Prima regola del Thru Collected: non ci sono regole. «Anzi no, dài, una c’è: volerci bene». Ok, e sul lavoro? «La parola “lavoro” è bandita». Ridono. Spoiler: un lavoro, tutto questo, lo è eccome. «Ma facciamo come se non lo fosse».

Di loro è stato scritto che sono il futuro della musica italiana, che hanno riportato l’underground al centro («Le rivoluzioni vengono sempre dal basso») e che sono insieme antichi e moderni. Le etichette, però, non erano nell’orizzonte di questo manipolo di ragazzi, quasi tutti generazione zeta, da Napoli, quando alla fine del primo lockdown, nel 2020, si sono ritrovati a fare musica insieme. «Non volevamo porci domande, solo andare. Eravamo già amici e lo siamo ancora. Gli altri danno definizioni, non noi. Ma siamo curiosi di come ci percepiscano».

Thru Collected
I Thru Collected

Una, per ora, è passata al vaglio, ed è «collettivo»: il Thru Collected è, da nome, un collettivo. Solo che, se negli anni 70 tutto questo significava ideologie e proclami, ora è il contrario. Ma anche la liquidità è una scelta, pure se qui è più una factory che un collettivo studentesco, e lo spirito è selvaggio, poco aziendalista, ma non ingenuo. «Rispetto a un gruppo tradizionale, da noi ciascuno mantiene la propria individualità». C’è chi, come Altea, è già avviata in parallelo da “solista”. «E poi chi si occupa delle grafiche, dei live e il resto. Facciamo quasi tutto da soli, non siamo solo “cantanti”».

Stare al loro passo è difficile: non entrano nelle gabbie di oggi, non sanno di preciso quanti sono (almeno 12, dipende dai ruoli), cominciano quest’intervista in tre, ma alla fine, tra ragazze e ragazzi, sono il doppio, con finestre che vanno e vengono da Zoom, una che trasmette da un bar e un altro da Milano; non si contraddicono, ma ciascuno ha la propria voce.

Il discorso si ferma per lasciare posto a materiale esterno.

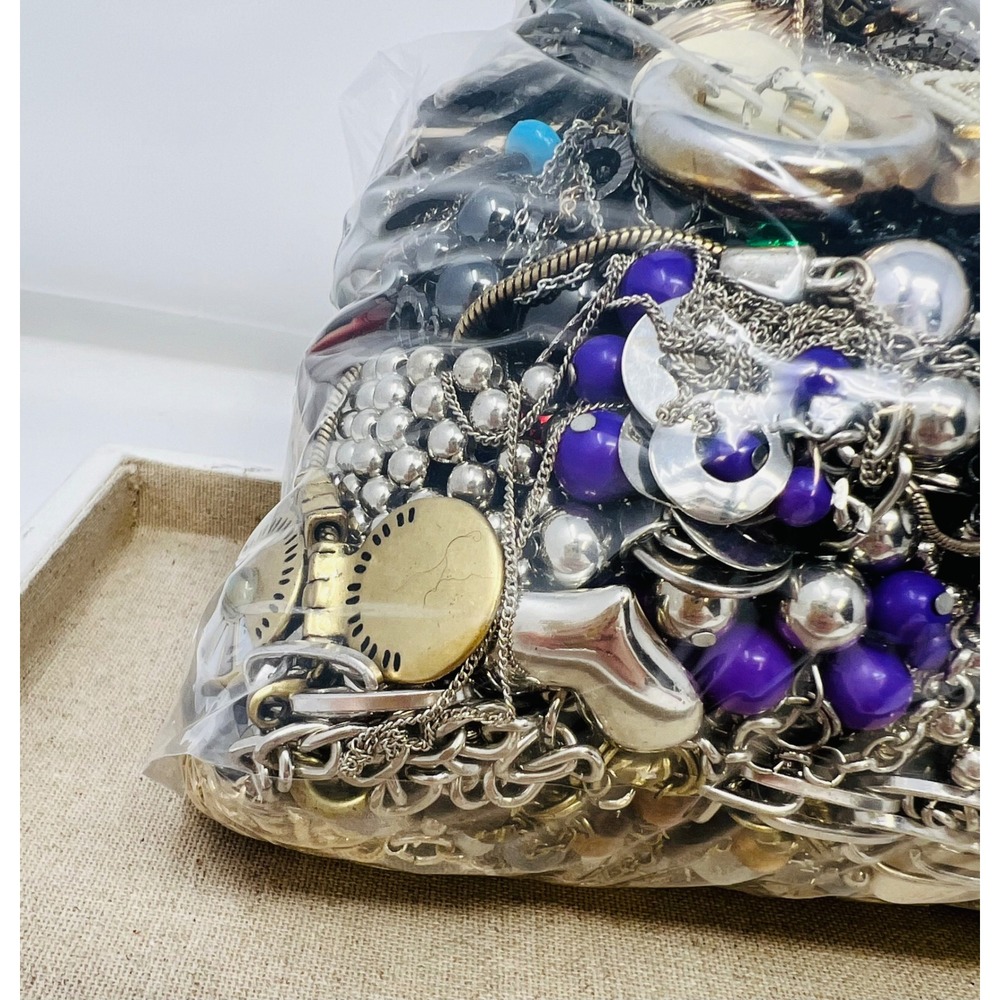 Vintage & Modern Gold & Silver Tone Mixed Metal Scrap/Wearable Jewelry Lot 8lbs - Picture 9 of 16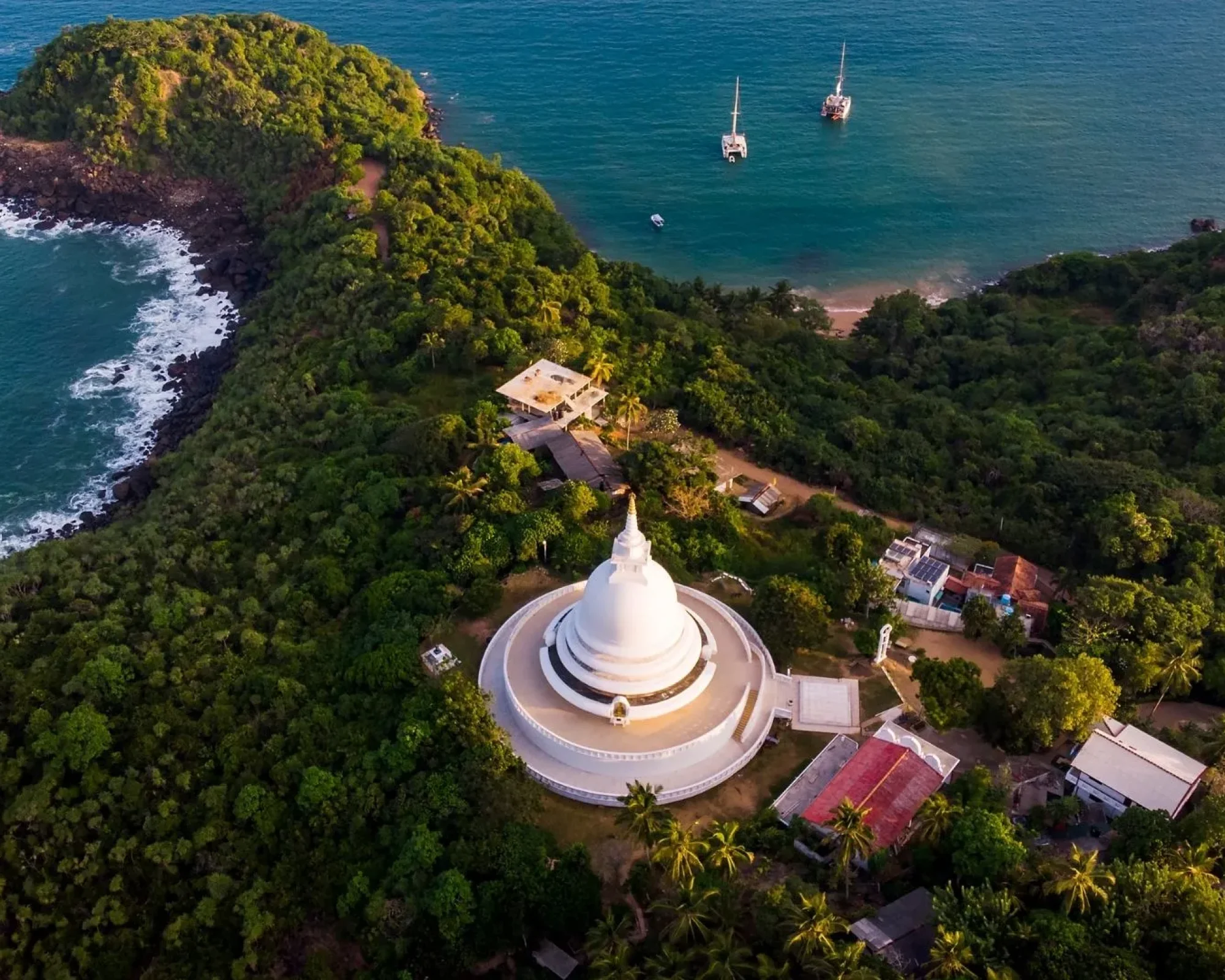 Unawatuna-The-Peace-Pagoda-Sri-Lanka-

Le abbiamo trasformate in una unica, con cautela: «Siamo degli outsider, ciascuno nel proprio campo».

Thru Collected
Il collettivo Thru Collected

Ma d’altronde è dura stare al passo anche del loro ultimo album, Il grande fulmine, «una playlist» micidiale di 30 tracce in cui dal pop vanno al rap, dal rap all’urban, dall’urban al cantautorato e così via. «Spesso si parte dalla musica, su cui ciascuno scrive la propria parte». Vanno per combinazioni, non sempre partecipano tutti. «L’importante è che nessuno limiti l’altro ma lo stimoli». La critica li ama per nostalgia, i giovani per attualità. Per un vascello corsaro così, è comunque tanto. «Forse siamo generazionali. Non scriviamo canzoni “contro”, ma senza filtri. E i ragazzi si rivedono in noi».

Quanto durerà? Il Thru Collected è un’utopia, uno splendido casino organizzato appeso a un filo, il brodo primordiale del nuovo pop o una macchina programmata per distruggere? E chi decide, poi, quand’è il momento? Mi dicono che qualcuno che tira le fila c’è, ma ora non è tra noi. Tanto la direzione, dicono, è condivisa. Però non è un patto di sangue, questo, ma una promessa tra amici.

«L’unica paura è fare lo schifo in studio; cerchiamo di non lasciare troppa spazzatura, di restare concentrati». Sorridono, sono serissimi. I grandi palchi sono nel destino? «Non ci spaventano, purché arrivino a modo nostro». Per adesso, questo modo è solo loro. E viene il dubbio che a 20 anni si possa aver già capito tutto: è che poi ci si dimentica.